>>>

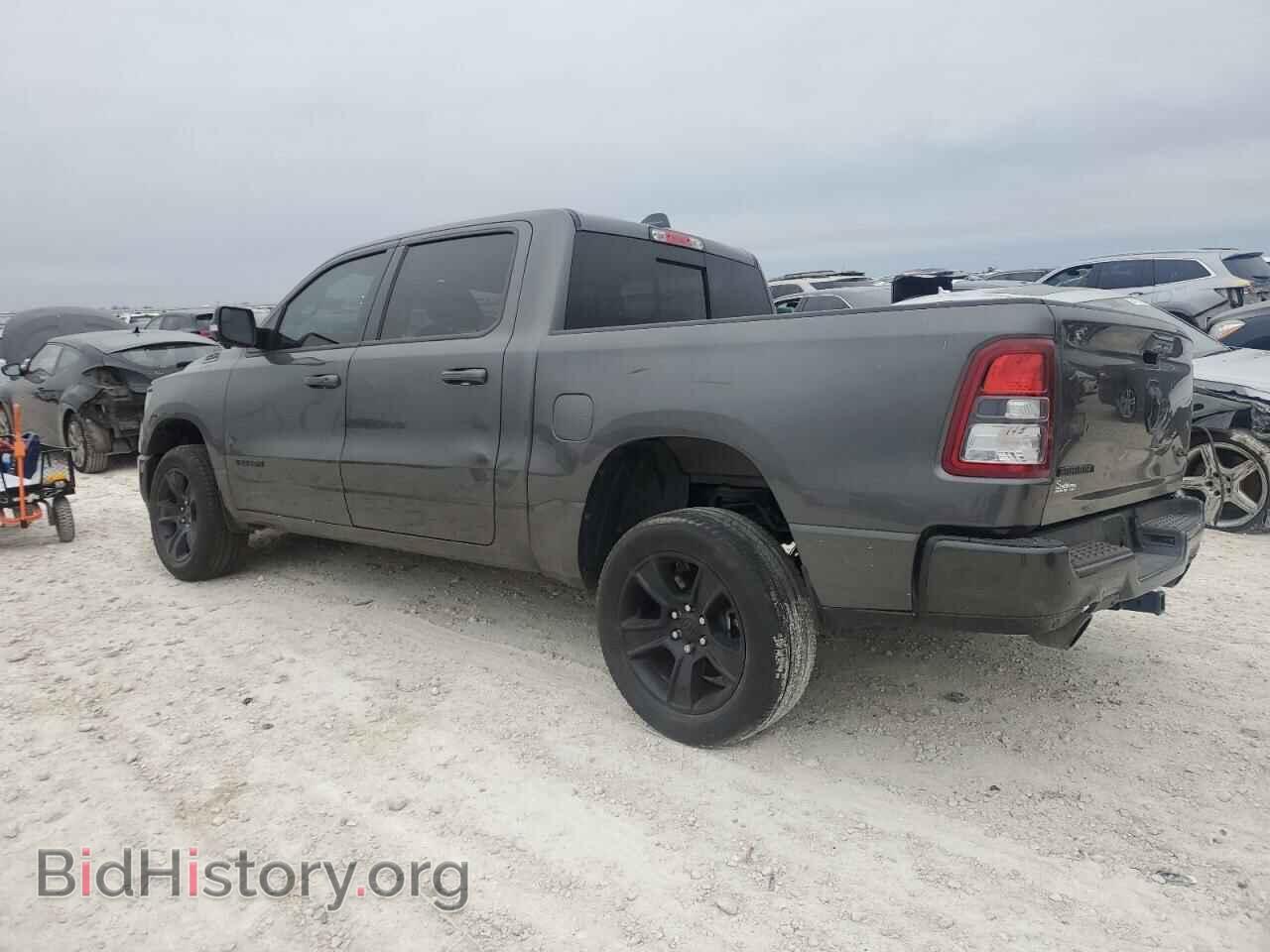 2022 RAM 1500 - VIN: 1C6SRFFT0NN329852 - Фото 2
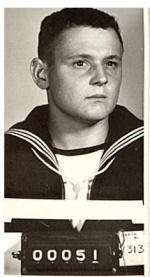 Able Seaman Frederick James Ford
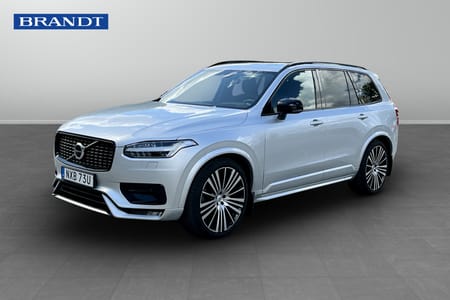 Volvo XC90 7 Säten B5 AWD Diesel R-Des Pro Edt 7-säten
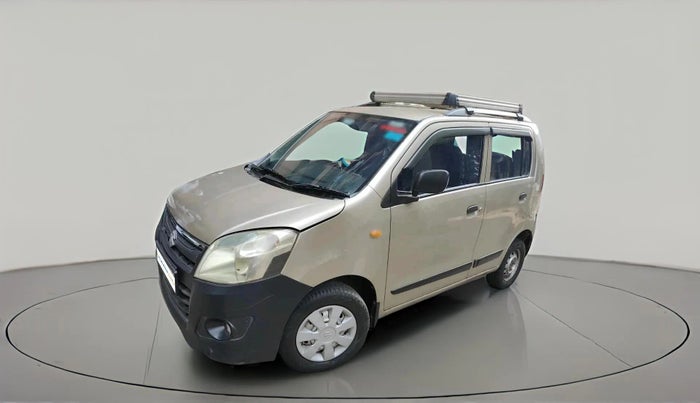 2014 Maruti Wagon R 1.0 LXI CNG, CNG, Manual, 1,74,000 km, exterior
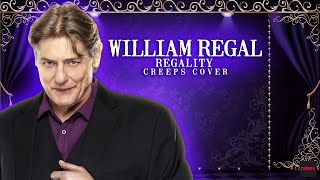 WWE William Regal Regality Cover [upl. by Earahc]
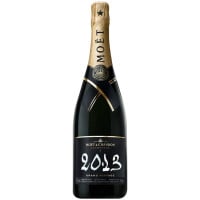 Moët & Chandon Grand Vintage 2013 Extra Brut Champagne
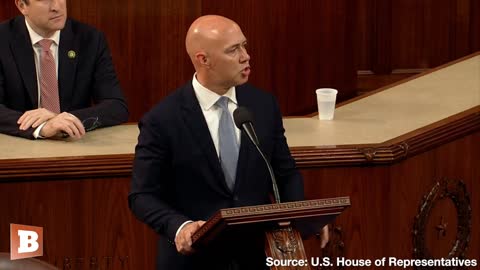 Rep. Brian Mast Nominates McCarthy in 8th Round: "He's Not Paul Ryan" or "John Boehner"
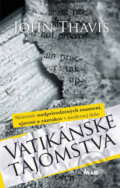 E-kniha: Vatikánske tajomstvá (John Thavis), 2016 E-kniha: Vatikánske tajomstvá (John Thavis), 2016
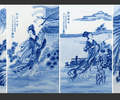 贵州王步瓷板画如何鉴定真假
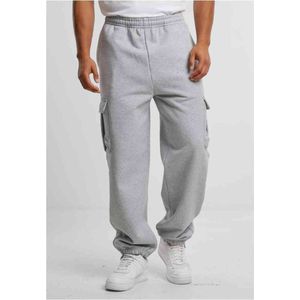 Urban Classics - 90‘s Cargo Heren joggingbroek - S - Grijs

<<<

Begin at the line containing "Moët & Chandon" and copy every line through the end of the data above exactly, omitting the pictures.

EXPECTED ANSWER:
 Moët & Chandon Grand Vintage 2013 Extra Brut Champagne
 Rep. Brian Mast Nominates McCarthy in 8th Round: "He's Not Paul Ryan" or "John Boehner"
 E-kniha: Vatikánske tajomstvá (John Thavis), 2016 E-kniha: Vatikánske tajomstvá (John Thavis), 2016
 贵州王步瓷板画如何鉴定真假
 Urban Classics - 90‘s Cargo Heren joggingbroek - S - Grijs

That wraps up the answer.